# "Real" blackpowder???



## wormwigglr (Jul 1, 2006)

I just bought a flintlock to start shooting for pa flintlock season but cannot find real blackpowder to prime the pan with. We were hunting Saturday so at lunch time we headed out to some local gun shops to only find BP substitutes. We were told that the government made stricter laws and special insurances must be carried to deal real bp so a lot of people do not sell it any longer. I was wondering if anyone knows of anyone in Northeast ohio or around jamestown pa that would carry blackpowder? Or anybody has some to sell they don't plan on using.


----------



## RedJada (Jun 21, 2009)

Look at the log cabin in Lodi. http://www.logcabinshop.com/ 

I have an old black power long gun and these guys are very helpful.


----------



## buckeye dan (Jan 31, 2012)

You could always make your own:


----------



## dugworm (May 23, 2008)

It's been several years but I got a can from Gander Mountain Twinsburg last time I bought.


----------



## huntindoggie22 (Mar 28, 2008)

Odonnels sport shop in portersville pa sells it


----------



## Misdirection (Jul 16, 2012)

Alot of gun shops in PA carry ffff, they just keep it behind the counter.
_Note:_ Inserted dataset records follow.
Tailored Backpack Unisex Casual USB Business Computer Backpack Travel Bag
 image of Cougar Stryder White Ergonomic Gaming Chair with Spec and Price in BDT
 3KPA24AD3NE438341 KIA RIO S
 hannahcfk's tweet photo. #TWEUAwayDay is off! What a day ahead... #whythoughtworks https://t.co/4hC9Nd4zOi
There is a gun shop on route 30 by Raccoon creek park which usually has it. Elk County Arms and Ammo in St Mary's PA usually has it as well. If you run into problems finding any let me know. I'm a PA flintlock hunter myself and really enjoy the late season.


----------



## bare naked (May 1, 2015)

RedJada said:


> Look at the log cabin in Lodi. http://www.logcabinshop.com/
> 
> I have an old black power long gun and these guys are very helpful.


X2


----------



## Dovans (Nov 15, 2011)

That was pretty cool BD!


----------



## buckeyebowman (Feb 24, 2012)

I have to feel that somewhere in your area, or at least within reasonable driving distance, is some place that caters to muzzleloaders, particularly flintlocks. Several here have mentioned PA, which stands to reason since PA still has a flintlock only season. 

BTW, Goex ffffG was my choice for the pan.


----------



## LOTC (Jan 16, 2012)

Have you tried Stockers in Champion?


----------